Recent years have seen the development of new “smart” and artificially “intelligent” machine systems. While these do have intelligence based on analysing data and predicting outcomes, many intelligent machine networks struggle to contextualize information and tend to just create a general output that may or may not have situational context.

Whether we want to build machines that can make informed contextual decisions like humans can is an ethical debate for another day, but it turns out that neural networks can be equipped with recurrent feedback that allows them to process current inputs based on information from previous inputs. These so-called recurrent neural networks (RNNs) can contextualize, recognise and predict sequences of information (such as time signals and language) and have been used for numerous tasks including language, video and image processing.

There’s now a lot of interest in transferring electronic neural networks into the optical domain, creating optical neural networks that can process large data volumes at high speeds with high energy efficiency. But while there’s been much progress in general optical neural networks, work on recurrent optical neural networks is still limited.
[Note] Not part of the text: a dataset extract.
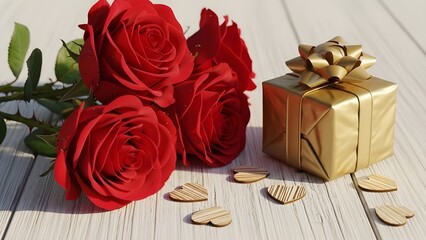 Red Roses Bouquet with Gold Gift Box and Hearts on Wood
New optoelectronics required

Development of recurrent optical neural networks will require new optoelectronic devices with a short-term memory that’s programmable, computes optical inputs, minimizes noise and is scalable. In a recent study led by Birgit Stiller at the Max Planck Institute for the Science of Light, researchers demonstrated an optoacoustic recurrent operator (OREO) that meets these demands.

The acoustic waves in the OREO link subsequent optical pulses and capture the information within, using it to manipulate the next operations. The OREO is based on stimulated Brillouin-Mandelstam scattering, an interaction between the optical waves and travelling sound waves that’s used to add latency and slow the acoustic velocity. This process enables the OREO to contextualize a time-encoded stream of information using sound waves as a form of memory, which could be used not only to remember previous operations but as a basis to manipulate the output of the current operation – much like in electronic RNNs.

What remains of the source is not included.